What must be handed in is the entire listing, exactly as written, with no pictures.

§ **SOURCE MATERIAL**
__________________________________________________

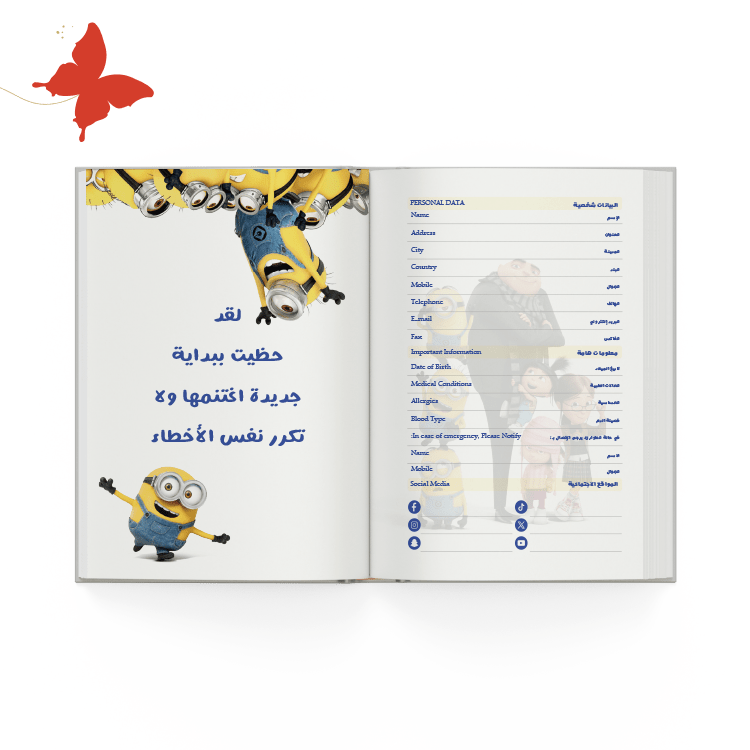 أجندة 2025 التوابع (Minions) - أجندات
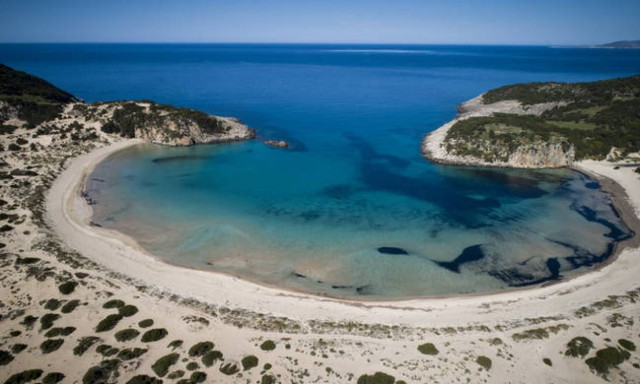 Weather forecast: Mostly fair on Thursday (26/04/2018)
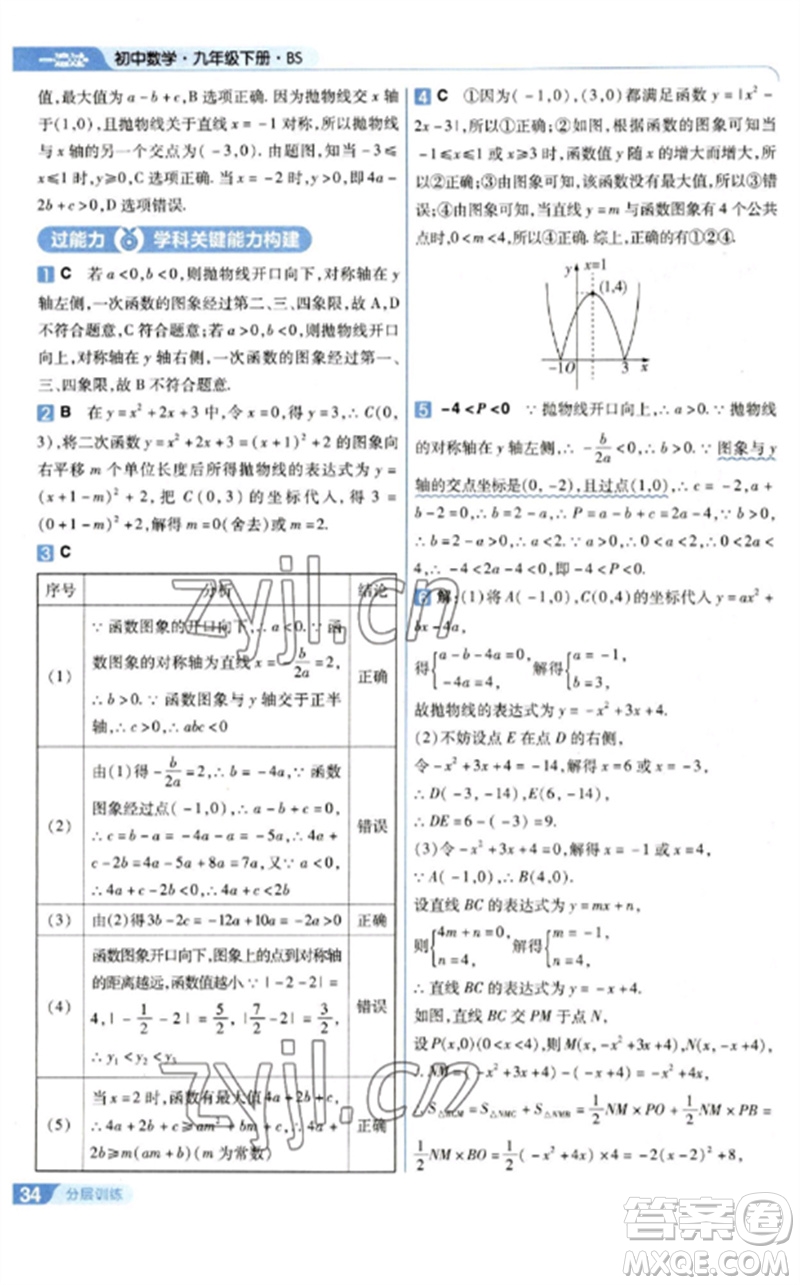 南京師范大學(xué)出版社2023一遍過九年級數(shù)學(xué)下冊北師大版參考答案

__________________________________________________

§ **RESPONSE AREA**
 أجندة 2025 التوابع (Minions) - أجندات
 Weather forecast: Mostly fair on Thursday (26/04/2018)
 南京師范大學(xué)出版社2023一遍過九年級數(shù)學(xué)下冊北師大版參考答案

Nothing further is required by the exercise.